In order to answer the first question, we’ll only need the events related to it. We can use the aggregate function:
pop.health <- aggregate(c(Stormdata$FATALITIES), by = list(Stormdata$EVTYPE), "sum")
colnames(pop.health) <- c("event", "fatalaties")
pop.health <- cbind(pop.health, injuries = aggregate(c(Stormdata$INJURIES), by = list(Stormdata$EVTYPE),
"sum")$x)
Now, we have just three columns in our dataset:
head(pop.health)
## event fatalaties injuries
## 1 HIGH SURF ADVISORY 0 0
## 2 COASTAL FLOOD 0 0
## 3 FLASH FLOOD 0 0
## 4 LIGHTNING 0 0
## 5 TSTM WIND 0 0
## 6 TSTM WIND (G45) 0 0
Since there’re many gaps in the dataset, we can jsut remove rows with 0’s in both columns:
pop.health <- pop.health[pop.health$fatalaties > 0 | pop.health$injuries > 0, ]
rownames(pop.health) <- NULL
To answer this question, we don’t need any analysis, we just need to sort the events by their greatest injuries and fatalities:
pop.health <- head(pop.health[order(pop.health$fatalaties, pop.health$injuries, decreasing = T), ])
pop.health
## event fatalaties injuries
## 184 TORNADO 5633 91346
## 32 EXCESSIVE HEAT 1903 6525
## 42 FLASH FLOOD 978 1777
## 69 HEAT 937 2100
## 123 LIGHTNING 816 5230
## 191 TSTM WIND 504 6957
Now, let’s plot the data as a stacked columns plot that contains both the injuries and fatalities:
plotHealth <- as.matrix(pop.health[, c("fatalaties", "injuries")])
rownames(plotHealth) <- pop.health$event
t(plotHealth)
## TORNADO EXCESSIVE HEAT FLASH FLOOD HEAT LIGHTNING TSTM WIND
## fatalaties 5633 1903 978 937 816 504
## injuries 91346 6525 1777 2100 5230 6957
par(oma = c(4, 1, 0, 1))
barplot(height = t(plotHealth), width = 1, col = 12:13, legend.text = c("Fatalaties",
"Injuries"), main = "Events Most Harmful to Population Health",
ylab = "NUmber of People Affected", las = 3)
econ.impact <- table(Stormdata$EVTYPE[Stormdata$PROPDMGEXP == "B"])

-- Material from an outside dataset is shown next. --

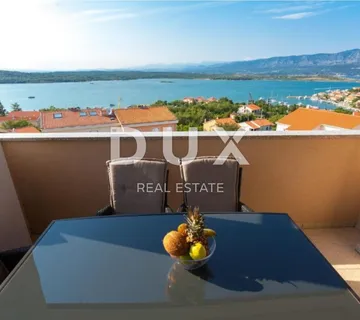OTOK KRK, KLIMNO- apartman u villi 61m2, DB+2S, 2.kat, s prekrasnim pogledom na more i bazenom- S6 - Klimno, Dobrinj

sort(econ.impact[econ.impact > 1], decreasing = T)
##
## HURRICANE/TYPHOON FLOOD HURRICANE TORNADO
## 12 5 3 3
## HURRICANE OPAL STORM SURGE
## 2 2
plotting <- econ.impact[econ.impact > 1]
After modifying the data to account for the bias, we have that the six climatic events that caused the most economic losses (to the scale of billons of US dollars) are those in the figure below:
barplot(rev(sort(plotting)), legend.text = rownames(rev(sort(plotting))), col = 51:56,
axisnames = F, ylab = "Number of Billion USD Events", main = "Events with the Greatest Economic Losses")
As we can see from the data, tornadoes are by far the most dangerous climate event to harm people, killing at least 9.134610^{4} people and injuring more 5633.
The climatic events that most affect economic activities in the US are more or less the same that also cause the most catastrophic losses to human health, i.e., windy events such as hurricances.